Razzien in vier Ländern Seehofer verbietet rechtsextreme Vereinigung Nordadler

Seit dem Morgen gibt es Razzien in vier Bundesländern: Innenminister Seehofer hat die rechtsextreme Organisation Nordadler verboten.
Bundesinnenminister Seehofer

Bundesinnenminister Seehofer

Foto: Christoph Schmidt/ DPA

Bundesinnenminister Horst Seehofer (CSU) hat die rechtsextreme Vereinigung Nordadler verboten. "Seit den Morgenstunden laufen in vier Bundesländern polizeiliche Maßnahmen", teilte der Sprecher des Ministeriums, Steve Alter, am Dienstagmorgen auf Twitter mit.
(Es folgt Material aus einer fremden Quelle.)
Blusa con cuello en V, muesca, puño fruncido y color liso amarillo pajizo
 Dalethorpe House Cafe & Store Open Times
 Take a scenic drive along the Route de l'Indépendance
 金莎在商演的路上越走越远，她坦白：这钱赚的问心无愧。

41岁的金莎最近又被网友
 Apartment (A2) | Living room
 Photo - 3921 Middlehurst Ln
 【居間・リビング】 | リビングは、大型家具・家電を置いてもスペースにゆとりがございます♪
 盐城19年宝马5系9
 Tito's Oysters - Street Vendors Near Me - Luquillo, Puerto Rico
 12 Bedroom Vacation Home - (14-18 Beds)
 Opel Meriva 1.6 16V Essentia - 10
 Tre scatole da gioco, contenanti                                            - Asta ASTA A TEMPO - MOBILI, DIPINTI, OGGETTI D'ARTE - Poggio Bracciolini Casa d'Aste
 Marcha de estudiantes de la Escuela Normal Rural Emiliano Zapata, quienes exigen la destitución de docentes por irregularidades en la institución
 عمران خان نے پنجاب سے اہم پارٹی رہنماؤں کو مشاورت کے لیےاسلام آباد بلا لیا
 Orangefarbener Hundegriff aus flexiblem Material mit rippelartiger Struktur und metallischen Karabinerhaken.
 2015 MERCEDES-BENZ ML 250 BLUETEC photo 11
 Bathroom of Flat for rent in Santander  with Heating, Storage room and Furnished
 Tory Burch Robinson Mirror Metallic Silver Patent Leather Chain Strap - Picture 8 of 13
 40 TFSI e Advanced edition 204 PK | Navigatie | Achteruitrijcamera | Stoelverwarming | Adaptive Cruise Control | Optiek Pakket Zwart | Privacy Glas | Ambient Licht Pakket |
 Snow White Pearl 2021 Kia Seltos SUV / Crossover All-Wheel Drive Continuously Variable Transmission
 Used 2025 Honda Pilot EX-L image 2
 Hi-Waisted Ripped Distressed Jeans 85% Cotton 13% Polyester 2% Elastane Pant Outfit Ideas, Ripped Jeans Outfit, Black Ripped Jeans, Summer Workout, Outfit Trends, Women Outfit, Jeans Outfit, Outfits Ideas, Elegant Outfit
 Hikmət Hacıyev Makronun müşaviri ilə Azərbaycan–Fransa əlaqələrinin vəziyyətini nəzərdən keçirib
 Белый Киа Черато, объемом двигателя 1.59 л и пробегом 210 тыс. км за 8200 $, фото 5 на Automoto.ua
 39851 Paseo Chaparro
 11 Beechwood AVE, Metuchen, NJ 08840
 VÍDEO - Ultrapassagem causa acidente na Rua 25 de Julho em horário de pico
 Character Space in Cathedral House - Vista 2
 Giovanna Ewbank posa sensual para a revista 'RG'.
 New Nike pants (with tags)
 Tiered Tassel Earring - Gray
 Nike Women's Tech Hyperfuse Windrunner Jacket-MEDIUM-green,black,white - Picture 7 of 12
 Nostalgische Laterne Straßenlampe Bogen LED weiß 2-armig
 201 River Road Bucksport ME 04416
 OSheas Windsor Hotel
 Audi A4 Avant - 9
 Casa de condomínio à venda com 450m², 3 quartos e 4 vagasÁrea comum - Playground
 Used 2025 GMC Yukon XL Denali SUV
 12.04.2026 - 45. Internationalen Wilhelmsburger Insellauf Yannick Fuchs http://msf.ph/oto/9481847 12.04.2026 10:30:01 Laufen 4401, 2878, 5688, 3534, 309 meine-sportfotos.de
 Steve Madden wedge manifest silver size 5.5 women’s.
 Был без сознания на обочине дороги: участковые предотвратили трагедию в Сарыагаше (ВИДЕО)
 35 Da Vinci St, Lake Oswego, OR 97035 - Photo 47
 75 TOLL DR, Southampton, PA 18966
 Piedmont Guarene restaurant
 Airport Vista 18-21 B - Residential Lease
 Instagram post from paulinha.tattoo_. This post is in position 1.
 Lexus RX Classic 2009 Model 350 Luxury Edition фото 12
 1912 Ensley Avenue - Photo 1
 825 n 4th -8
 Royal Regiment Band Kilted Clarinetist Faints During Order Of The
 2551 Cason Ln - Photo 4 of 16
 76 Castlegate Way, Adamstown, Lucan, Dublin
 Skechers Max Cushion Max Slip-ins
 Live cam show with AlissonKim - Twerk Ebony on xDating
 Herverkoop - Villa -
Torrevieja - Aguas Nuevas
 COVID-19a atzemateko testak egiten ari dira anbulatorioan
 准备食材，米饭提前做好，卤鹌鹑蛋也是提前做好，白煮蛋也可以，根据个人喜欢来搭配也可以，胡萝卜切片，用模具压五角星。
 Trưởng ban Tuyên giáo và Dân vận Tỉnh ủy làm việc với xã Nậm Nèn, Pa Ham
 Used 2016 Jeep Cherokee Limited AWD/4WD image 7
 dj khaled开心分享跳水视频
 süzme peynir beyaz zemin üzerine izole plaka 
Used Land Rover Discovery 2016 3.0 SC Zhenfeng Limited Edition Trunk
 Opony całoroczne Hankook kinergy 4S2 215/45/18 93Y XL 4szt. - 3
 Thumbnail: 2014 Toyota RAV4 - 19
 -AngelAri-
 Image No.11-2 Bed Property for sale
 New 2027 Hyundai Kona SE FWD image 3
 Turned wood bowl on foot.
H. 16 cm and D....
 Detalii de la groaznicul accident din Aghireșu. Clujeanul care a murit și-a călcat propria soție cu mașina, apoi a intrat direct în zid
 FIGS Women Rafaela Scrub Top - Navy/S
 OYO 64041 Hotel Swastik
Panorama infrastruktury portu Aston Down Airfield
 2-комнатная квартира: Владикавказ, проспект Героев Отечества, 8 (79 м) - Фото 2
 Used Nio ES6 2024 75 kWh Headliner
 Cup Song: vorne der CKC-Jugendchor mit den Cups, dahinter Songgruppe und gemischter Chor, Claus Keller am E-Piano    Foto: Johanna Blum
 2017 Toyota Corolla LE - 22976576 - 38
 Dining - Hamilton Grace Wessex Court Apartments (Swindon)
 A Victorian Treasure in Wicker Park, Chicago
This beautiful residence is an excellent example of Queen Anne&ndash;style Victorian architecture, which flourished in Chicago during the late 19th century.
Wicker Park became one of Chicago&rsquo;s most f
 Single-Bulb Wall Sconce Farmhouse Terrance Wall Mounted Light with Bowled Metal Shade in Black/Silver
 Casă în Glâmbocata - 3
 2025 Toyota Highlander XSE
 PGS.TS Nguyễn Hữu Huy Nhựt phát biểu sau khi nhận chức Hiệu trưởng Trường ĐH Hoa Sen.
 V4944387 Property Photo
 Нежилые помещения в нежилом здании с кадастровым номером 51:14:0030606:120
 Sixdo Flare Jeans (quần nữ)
Die Gruppierung agiere vorwiegend im Netz. "Rechtsextremismus und Antisemitismus haben auch im Internet keinen Platz." Die Polizei rückte bei der Razzia in Nordrhein-Westfalen, Sachsen, Brandenburg und Niedersachsen aus.

Die Gruppierung Nordadler verfolgt nach Einschätzung des Bundesinnenministeriums eine nationalsozialistische Ideologie und firmiert auch unter den Bezeichnungen Völkische Revolution, Völkische Jugend, Völkische Gemeinschaft und Völkische Renaissance.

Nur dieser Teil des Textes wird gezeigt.